**Exercise inputs:**
# # # # #

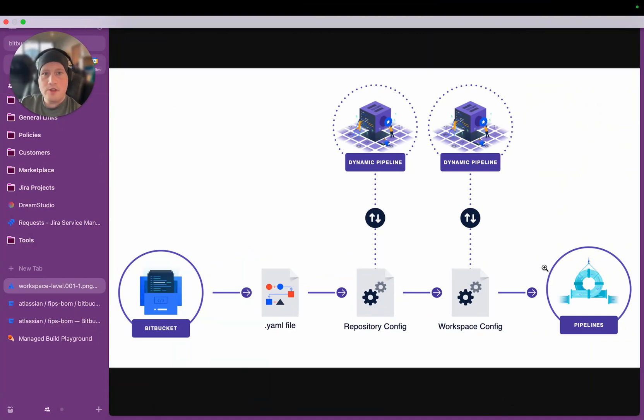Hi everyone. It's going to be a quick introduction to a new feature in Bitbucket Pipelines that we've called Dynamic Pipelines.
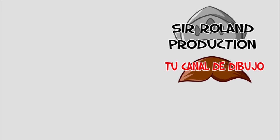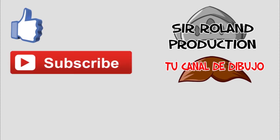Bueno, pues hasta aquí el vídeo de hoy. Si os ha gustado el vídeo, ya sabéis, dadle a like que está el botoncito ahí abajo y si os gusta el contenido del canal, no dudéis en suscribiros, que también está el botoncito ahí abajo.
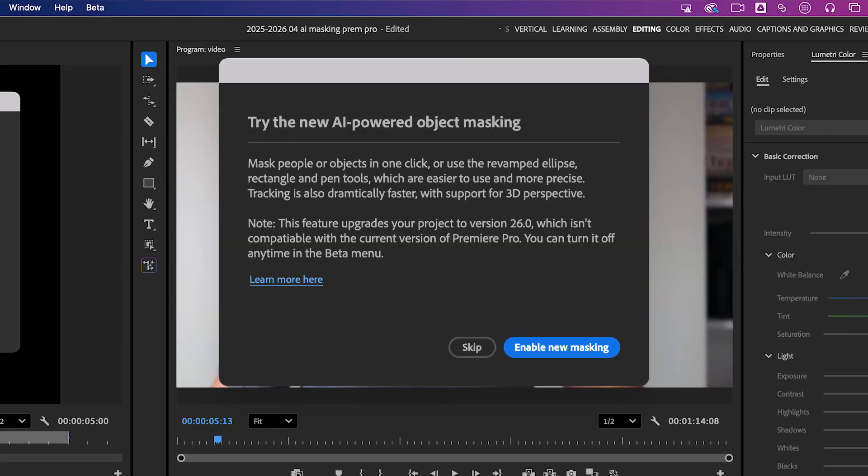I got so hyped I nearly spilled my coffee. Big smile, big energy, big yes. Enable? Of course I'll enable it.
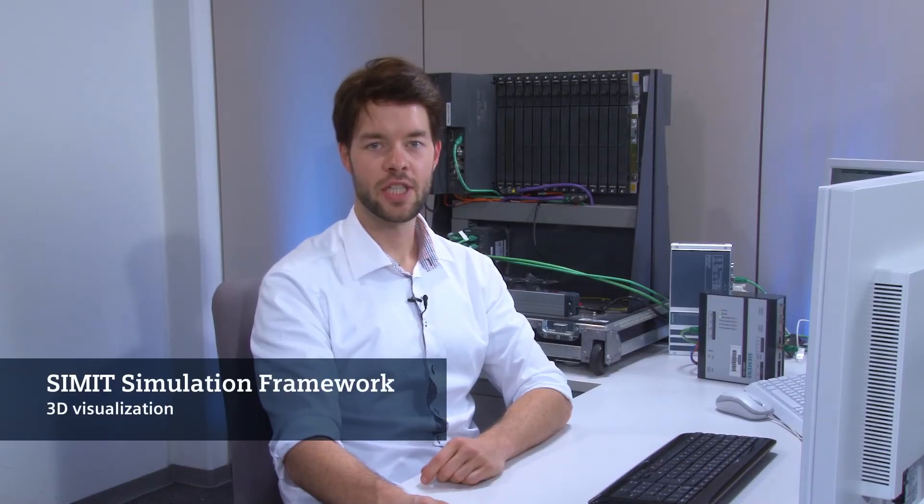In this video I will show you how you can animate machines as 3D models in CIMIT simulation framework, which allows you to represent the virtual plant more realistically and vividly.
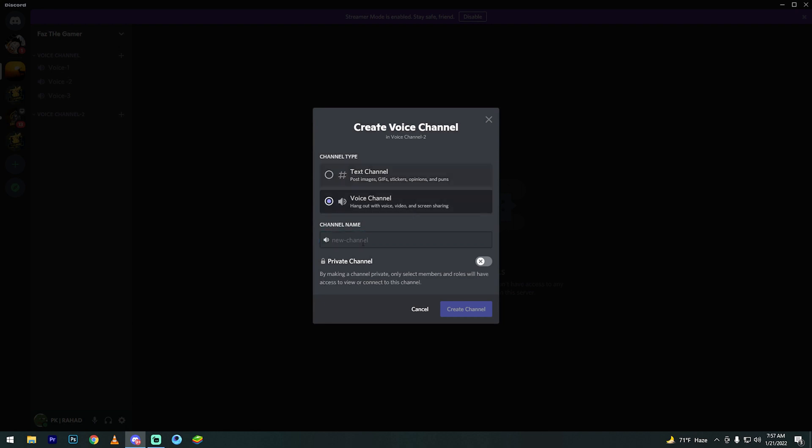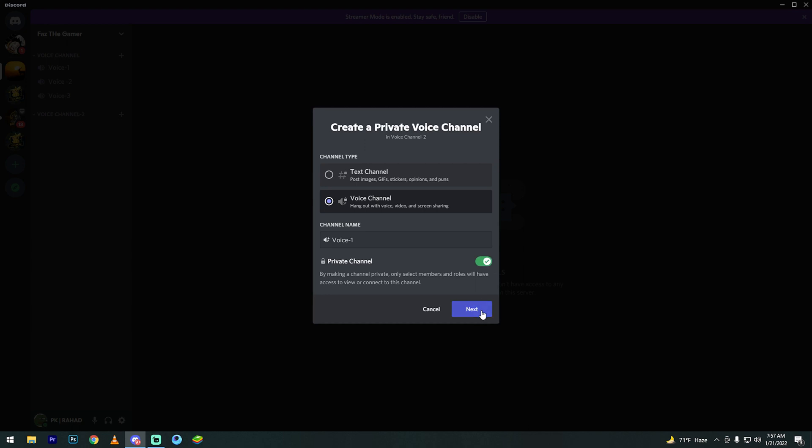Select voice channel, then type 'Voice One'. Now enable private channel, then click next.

# # # # #

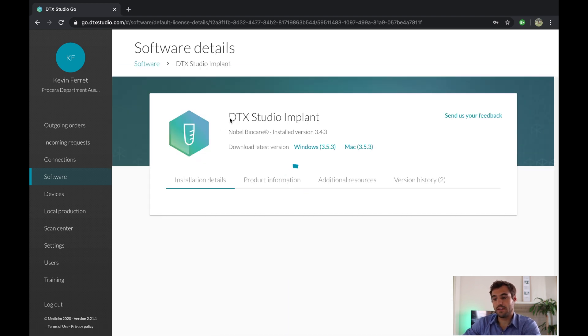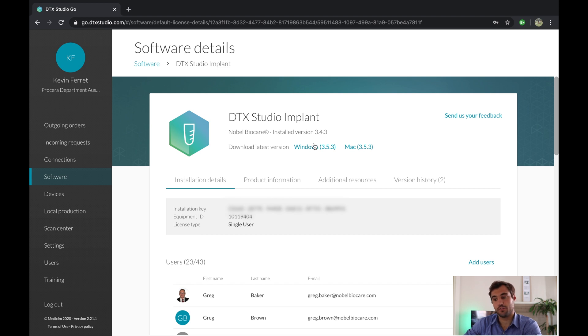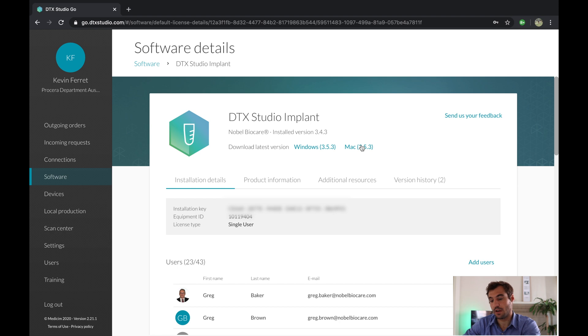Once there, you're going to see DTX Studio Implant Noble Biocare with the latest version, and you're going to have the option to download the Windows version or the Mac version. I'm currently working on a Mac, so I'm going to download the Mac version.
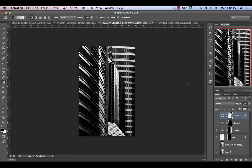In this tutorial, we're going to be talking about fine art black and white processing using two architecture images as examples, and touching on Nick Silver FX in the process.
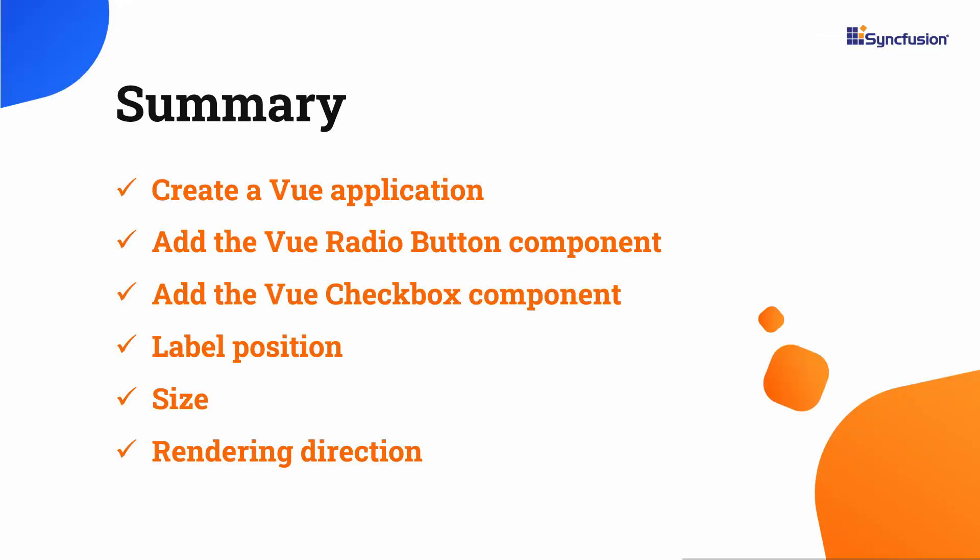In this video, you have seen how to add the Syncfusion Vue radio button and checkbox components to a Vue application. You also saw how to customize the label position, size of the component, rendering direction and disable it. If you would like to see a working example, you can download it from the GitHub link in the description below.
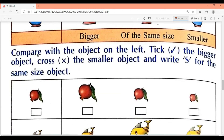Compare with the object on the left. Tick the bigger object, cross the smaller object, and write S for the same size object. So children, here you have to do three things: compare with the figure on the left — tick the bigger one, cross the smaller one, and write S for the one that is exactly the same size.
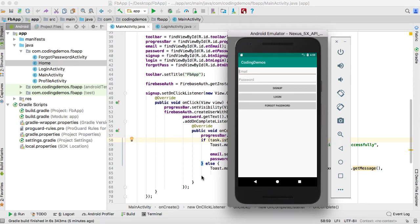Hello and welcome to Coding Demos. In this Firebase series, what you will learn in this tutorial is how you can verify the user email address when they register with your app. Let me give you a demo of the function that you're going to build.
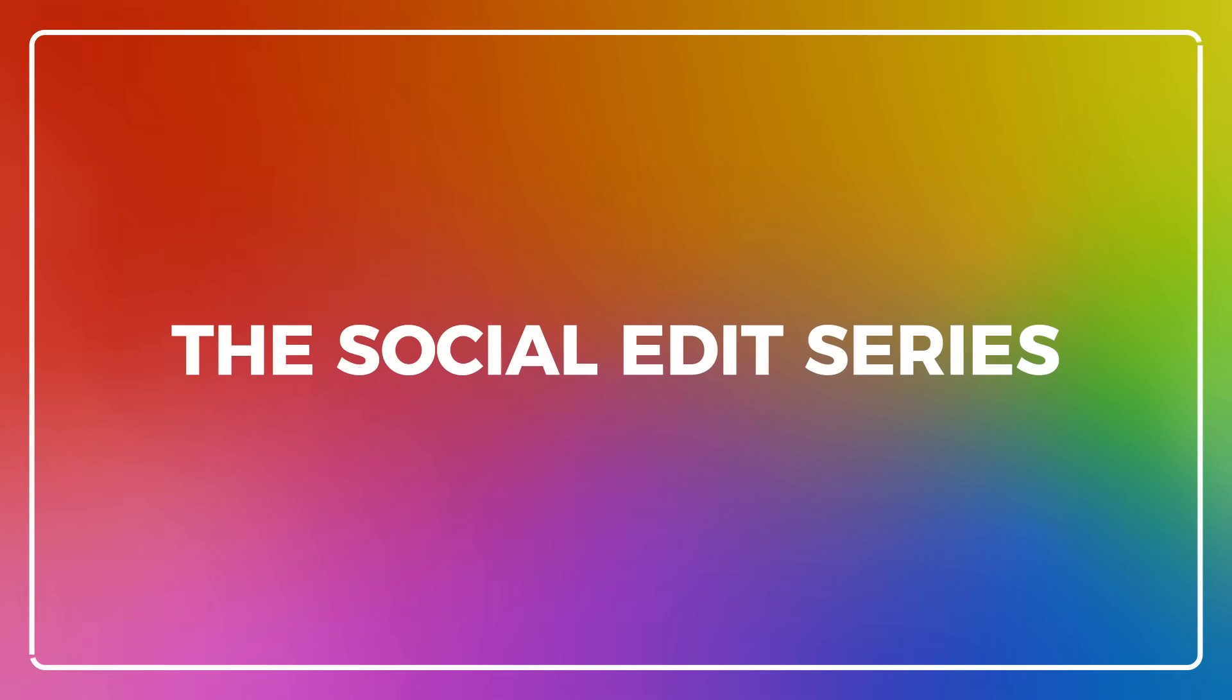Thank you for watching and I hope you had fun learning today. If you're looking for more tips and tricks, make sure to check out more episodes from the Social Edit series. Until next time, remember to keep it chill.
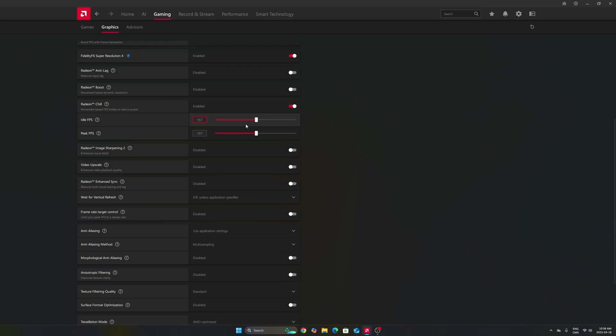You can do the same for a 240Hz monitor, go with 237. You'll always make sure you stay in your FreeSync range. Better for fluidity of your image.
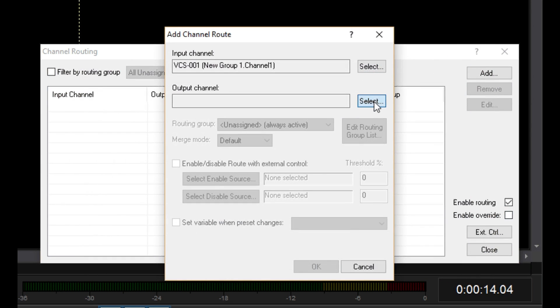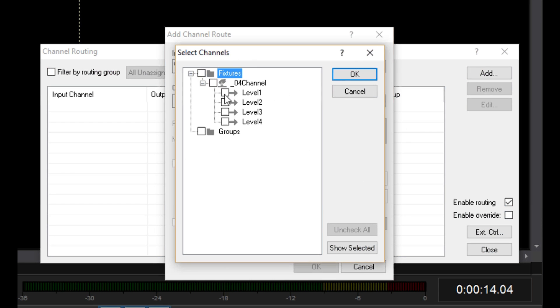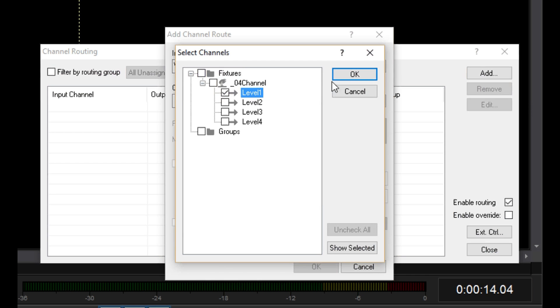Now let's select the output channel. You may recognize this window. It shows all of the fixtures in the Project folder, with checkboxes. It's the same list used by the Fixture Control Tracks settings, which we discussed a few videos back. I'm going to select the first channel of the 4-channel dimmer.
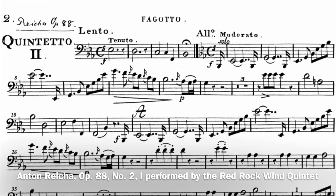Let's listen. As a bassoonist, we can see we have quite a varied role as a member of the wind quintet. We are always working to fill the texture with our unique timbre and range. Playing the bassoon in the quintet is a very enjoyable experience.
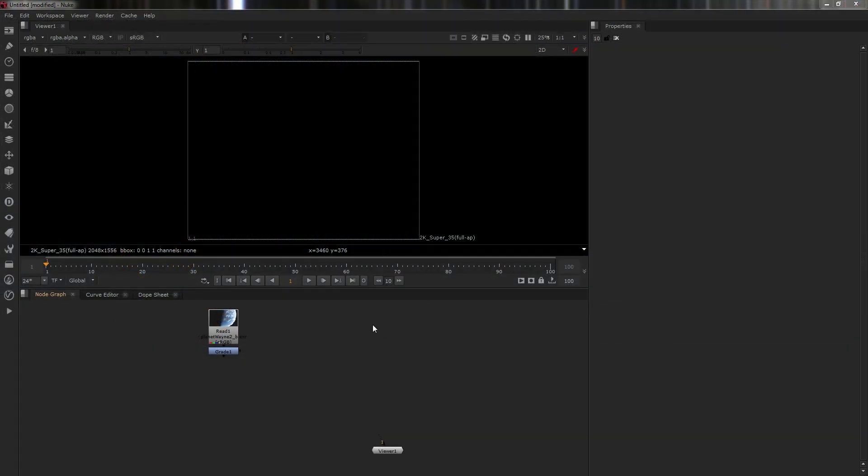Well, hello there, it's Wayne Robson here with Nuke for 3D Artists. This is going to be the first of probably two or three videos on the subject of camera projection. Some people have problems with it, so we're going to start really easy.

# # # # #

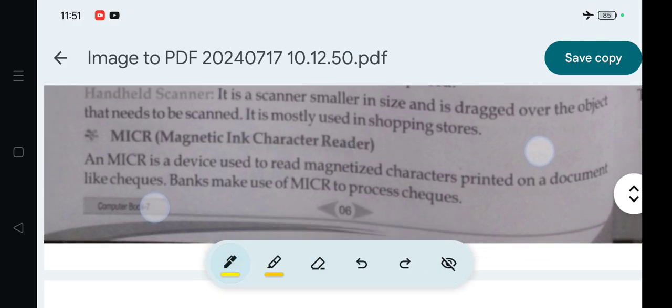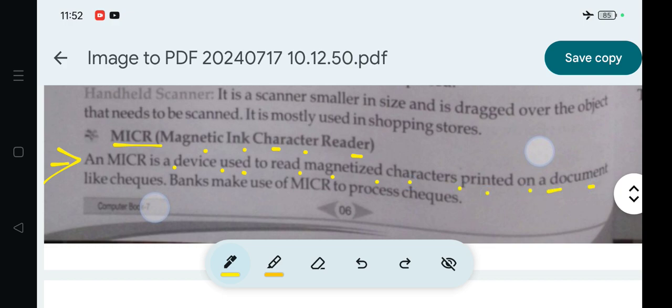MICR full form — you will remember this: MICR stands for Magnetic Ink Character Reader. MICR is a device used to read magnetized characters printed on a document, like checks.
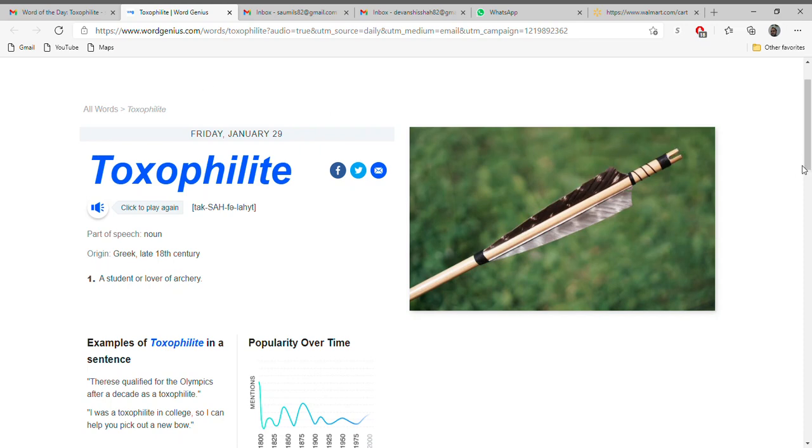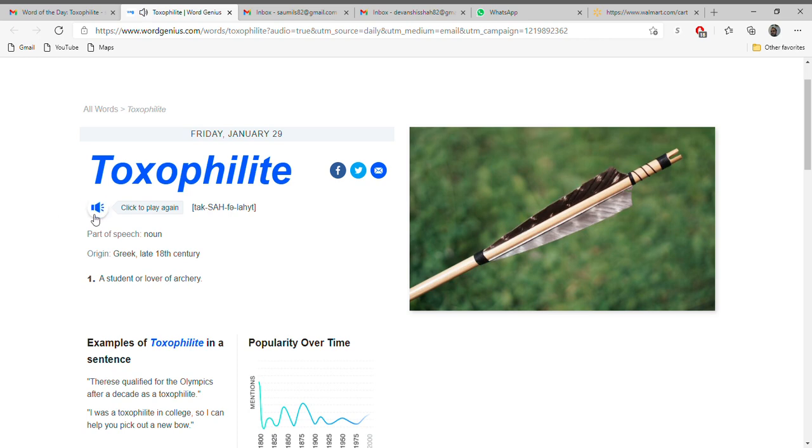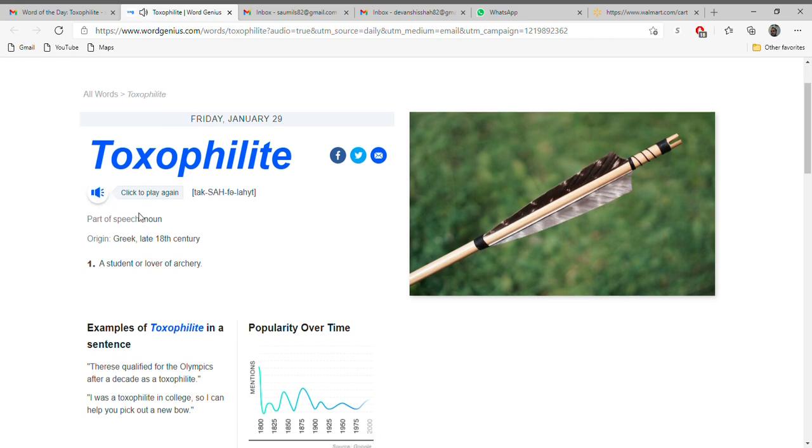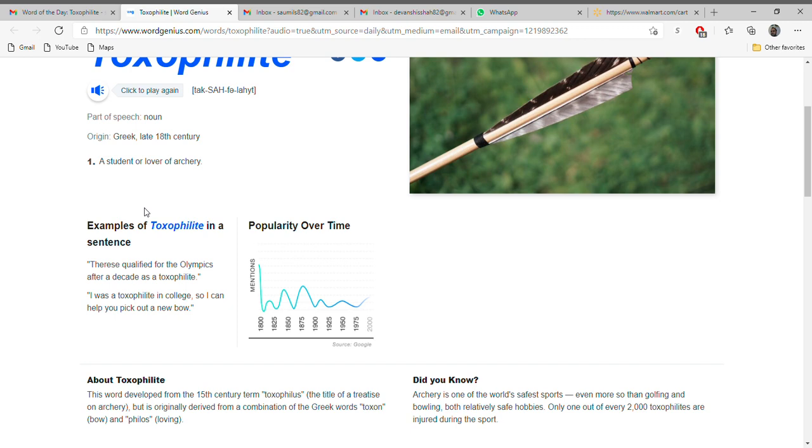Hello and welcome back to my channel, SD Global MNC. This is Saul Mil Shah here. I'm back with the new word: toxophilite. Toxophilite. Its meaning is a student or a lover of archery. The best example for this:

# # # # #

**Assignment:** Look above for the line containing "Hi everyone. It's", then copy exactly from it through the line containing "I got so hyped", keeping both and leaving out pictures. Add nothing else.

**Response for this exercise:**
Hi everyone. It's going to be a quick introduction to a new feature in Bitbucket Pipelines that we've called Dynamic Pipelines.
Bueno, pues hasta aquí el vídeo de hoy. Si os ha gustado el vídeo, ya sabéis, dadle a like que está el botoncito ahí abajo y si os gusta el contenido del canal, no dudéis en suscribiros, que también está el botoncito ahí abajo.
I got so hyped I nearly spilled my coffee. Big smile, big energy, big yes. Enable? Of course I'll enable it.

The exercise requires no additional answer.